• [The data]:

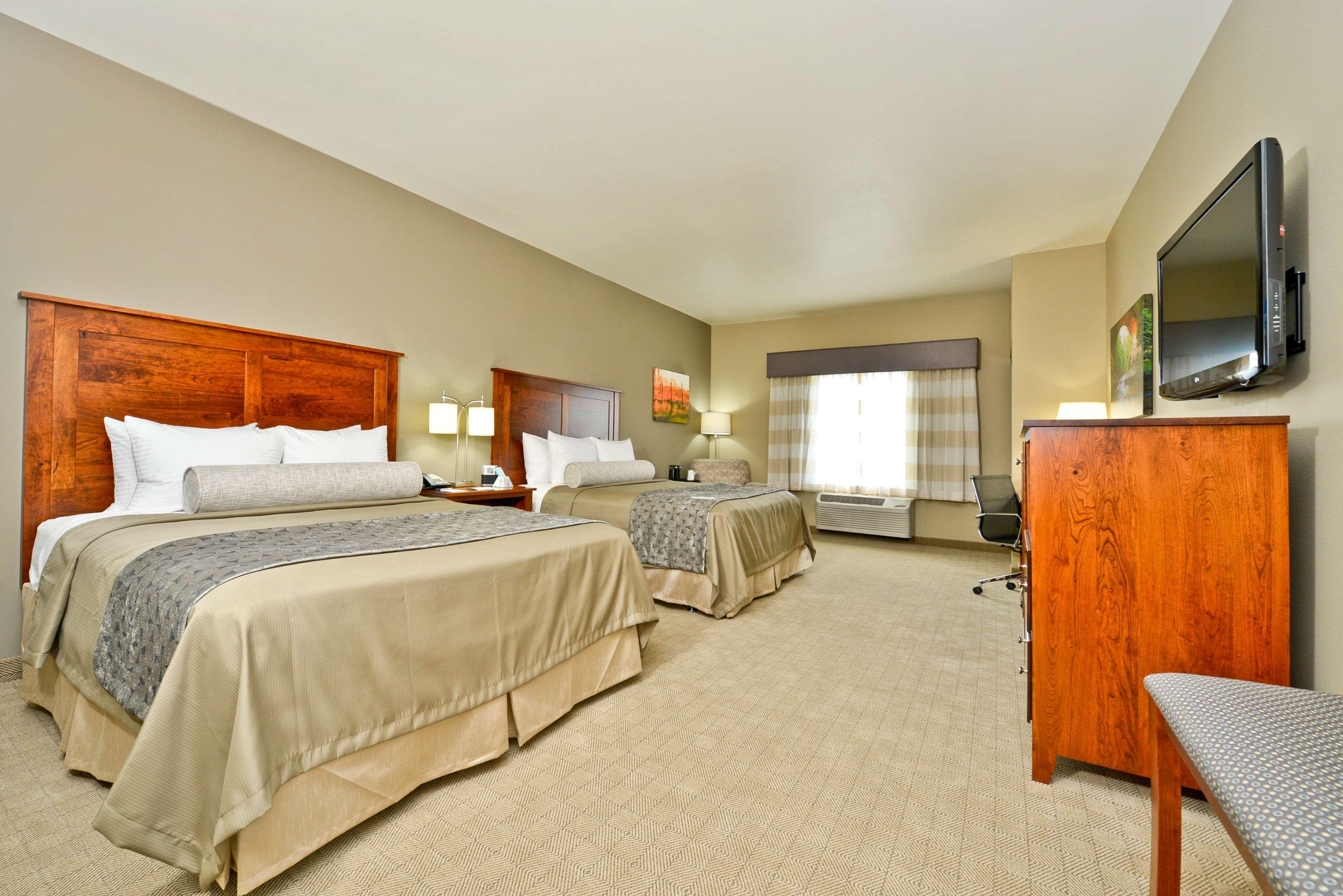 Best Western Plus Green Mill Village Hotel & Suites Arcola Bagian luar foto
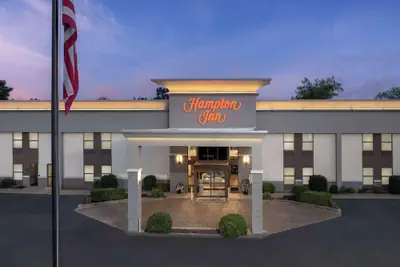 Photo 2 - Hampton Inn Russellville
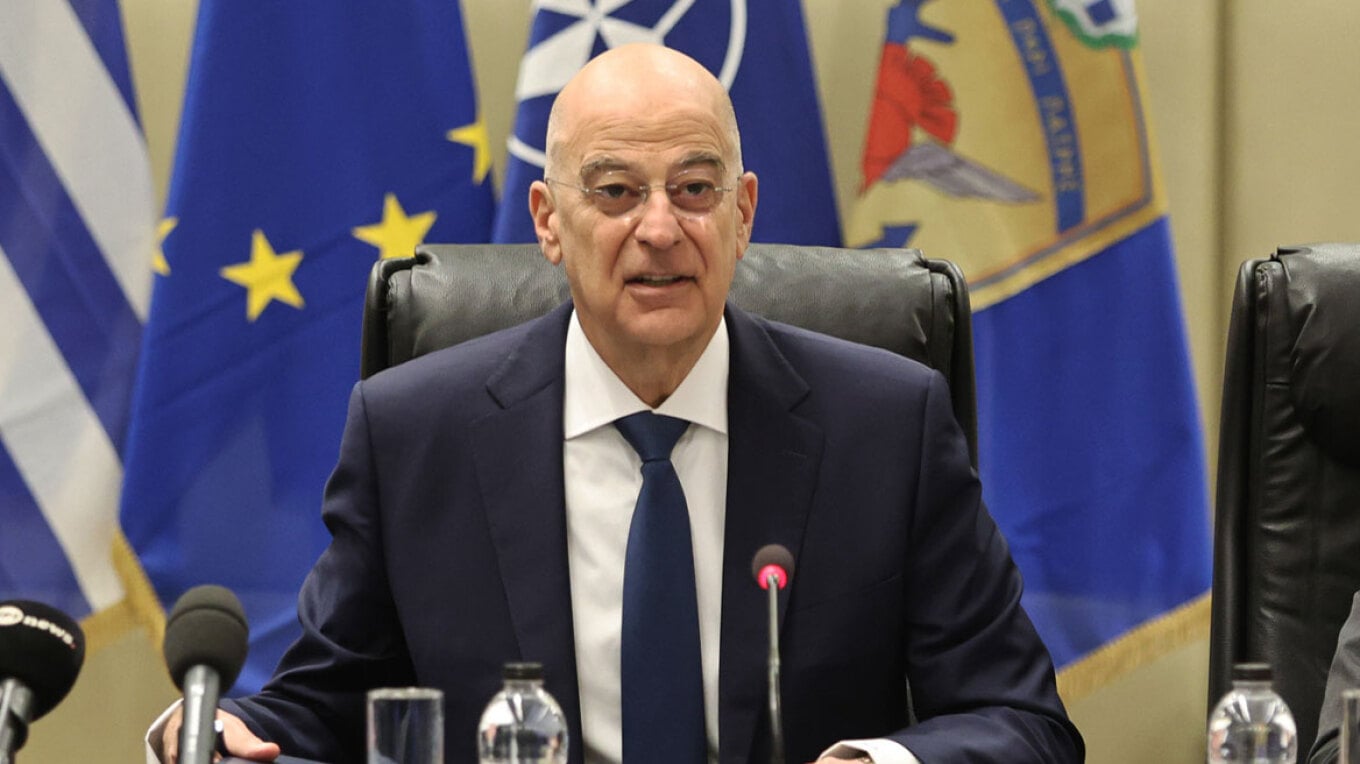 Τουρκική παρενόχληση στο αεροσκάφος που μετέφερε τον Δένδια 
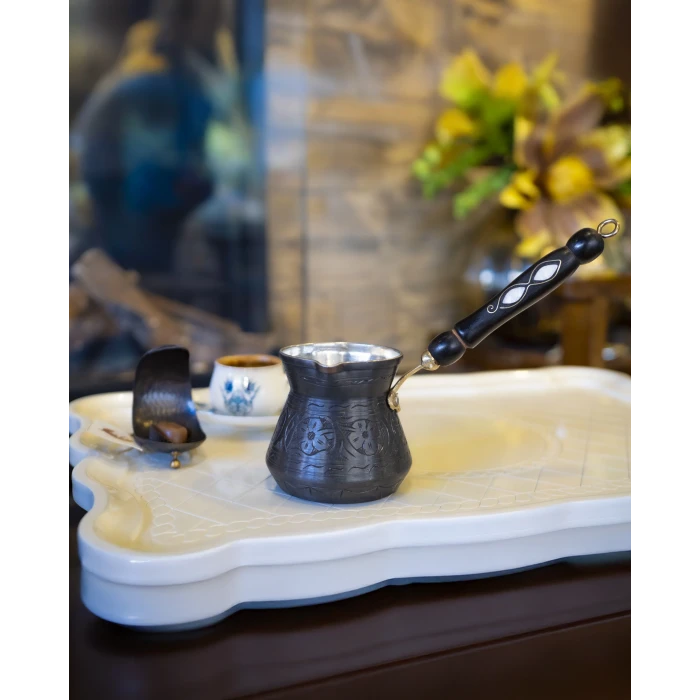 BAKIR CEZVE SEDEF KULPLU İŞLEMELİ TOMBAK MODEL SİYAH OKSİT RENK 4 KİŞİLİK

• [What to work on]: Leave out every picture and copy verbatim the lines running from the line containing "Photo 2 - Hampton Inn Russellville" through the final line of the data.

• [Solution to the problem]:
 Photo 2 - Hampton Inn Russellville
 Τουρκική παρενόχληση στο αεροσκάφος που μετέφερε τον Δένδια 
 BAKIR CEZVE SEDEF KULPLU İŞLEMELİ TOMBAK MODEL SİYAH OKSİT RENK 4 KİŞİLİK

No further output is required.